EP by Orbital
- Released: 21 August 1995
- Genre: Electronic
- Label: Internal
- Producer: Orbital

Orbital EP chronology
| Radiccio EP (1991) | Times Fly (1995) | Rest/Play EP (2002) |

= Times Fly (EP) =

Times Fly is an EP by the British techno producers Orbital. It was released through FFRR Records, on their Internal label, on 21 August 1995.

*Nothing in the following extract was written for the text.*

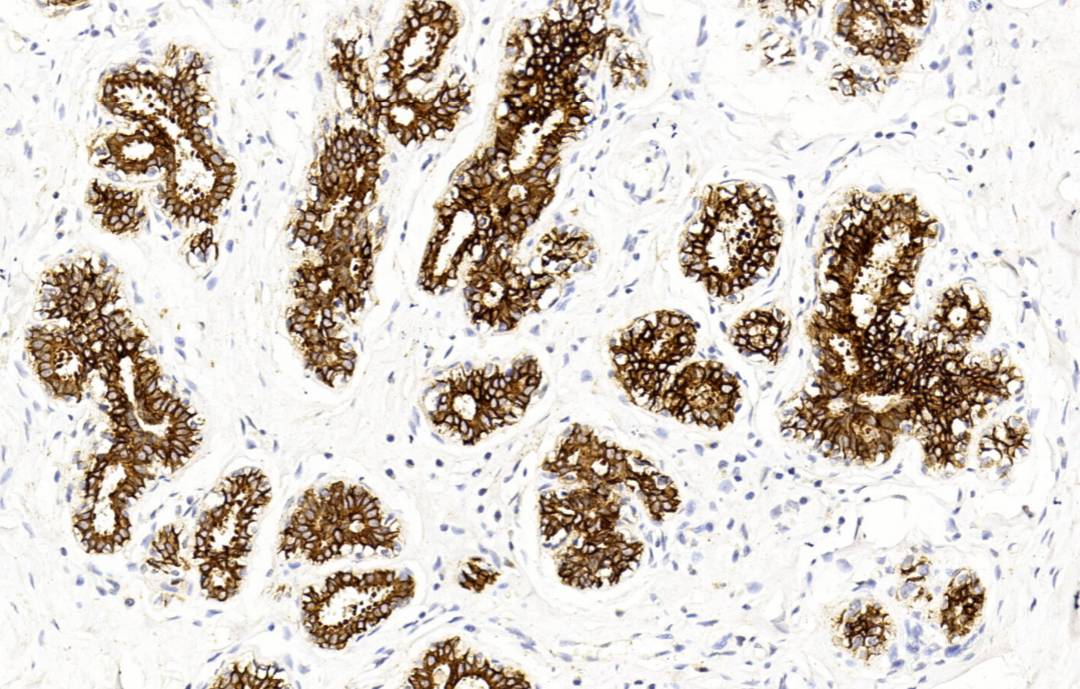 14 - CK（Pan） AD80125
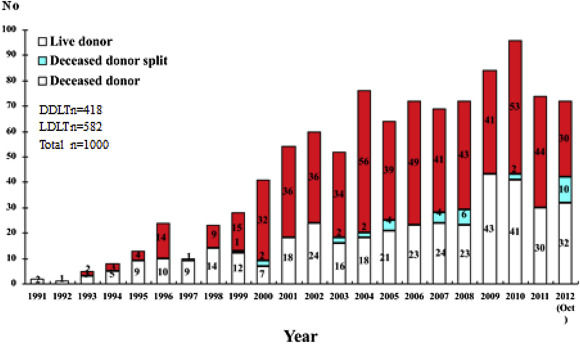 The first 1000 liver transplants at Queen Mary Hospital, the teaching hospital ...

The EP features four tracks and the 12" version covers two pieces of vinyl with a track over each side. There are two versions of the title track, "Times Fly (Slow)", a downtempo track, and "Times Fly (Fast)", with a more drum and bass feel. The EP also includes "Sad But New", an alternate version of "Sad But True" from the Snivilisation album, featuring vocals by Alison Goldfrapp. "Sad But New" samples then-current Prime Minister John Major discussing New Age travellers. In its original broadcast on BBC Radio 1 via ISDN, "Sad But True" featured extensive samples from John Major edited together into a protest message.

An even faster version of "Times Fly" called "Equinox" was published on the 1995 compilation 3rd Side of the Record: Compilation One. A version of "The Tranquilizer" called "The Tranquiliser Busy Tranquilising" was later published on the 1997 compilation Foundations: Coming up from the Streets.

==Track listing==
- A. "Times Fly (Slow)" (7:58)
- B. "Sad But New" (7:29)
- C. "Times Fly (Fast)" (7:53)
- D. "The Tranquilizer" (6:27)

==Artwork==
The sleeve was designed by Grant Fulton (Fultano Absenti 95) and Pete Mauder (Mauder) with photography by John Ross. The design features cog wheels.